- Data excerpt -
--------------------

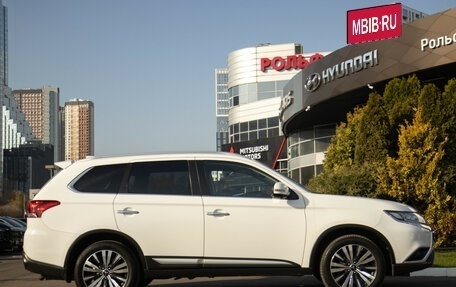 Mitsubishi Outlander III рестайлинг 3, 2020 год, 2 678 000 рублей, 13 фотография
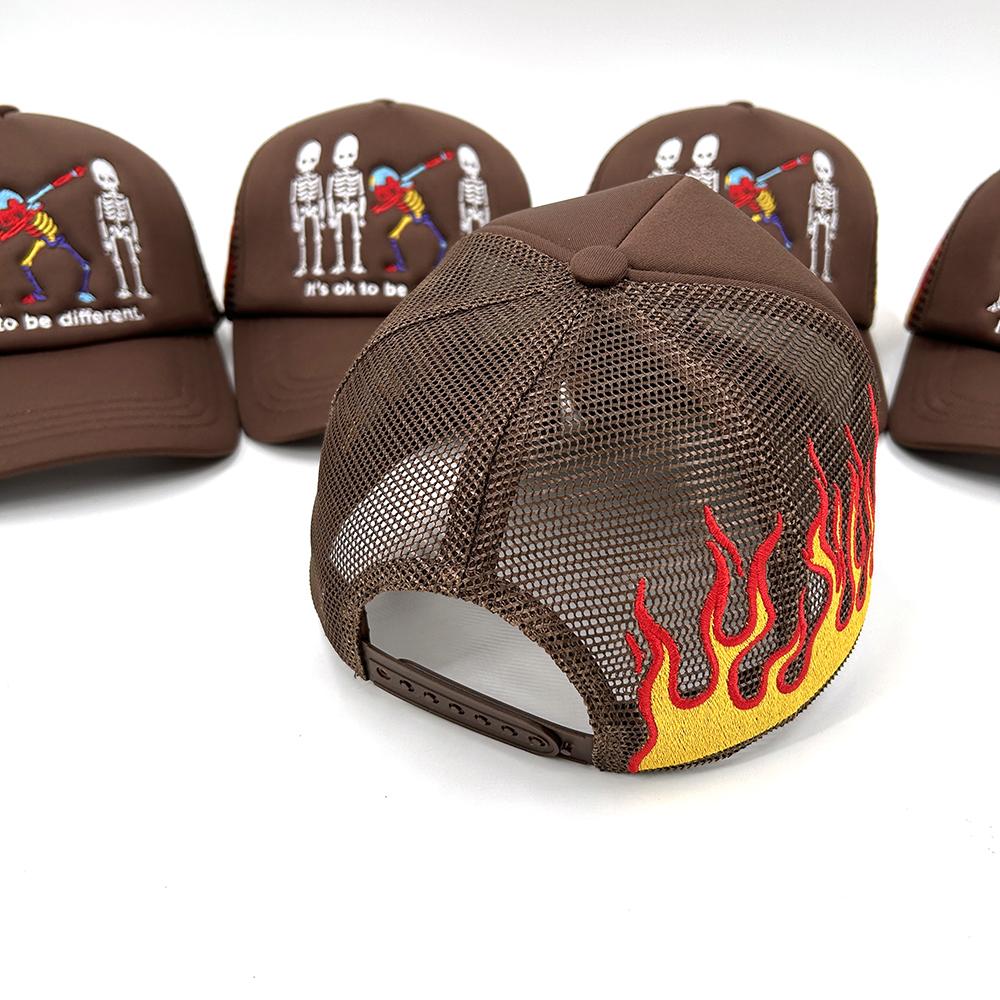 Polyester Foam 5 Panel Trucker Hat Beautifully Embroidered Snapback Cap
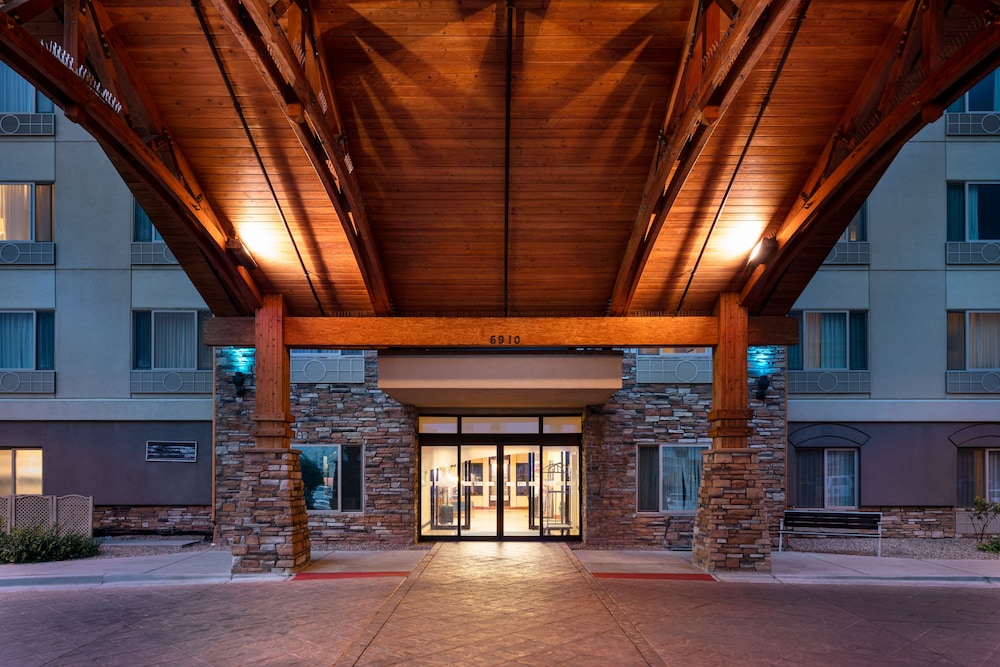 Holiday Inn Express Hotel & Suites Denver Airport by IHG - photo 31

--------------------

- Aim of the exercise -
What you write must match, line for line, the lines from the one with "Polyester Foam 5" through the last line of the data above, minus the pictures.

- Expected answer -
 Polyester Foam 5 Panel Trucker Hat Beautifully Embroidered Snapback Cap
 Holiday Inn Express Hotel & Suites Denver Airport by IHG - photo 31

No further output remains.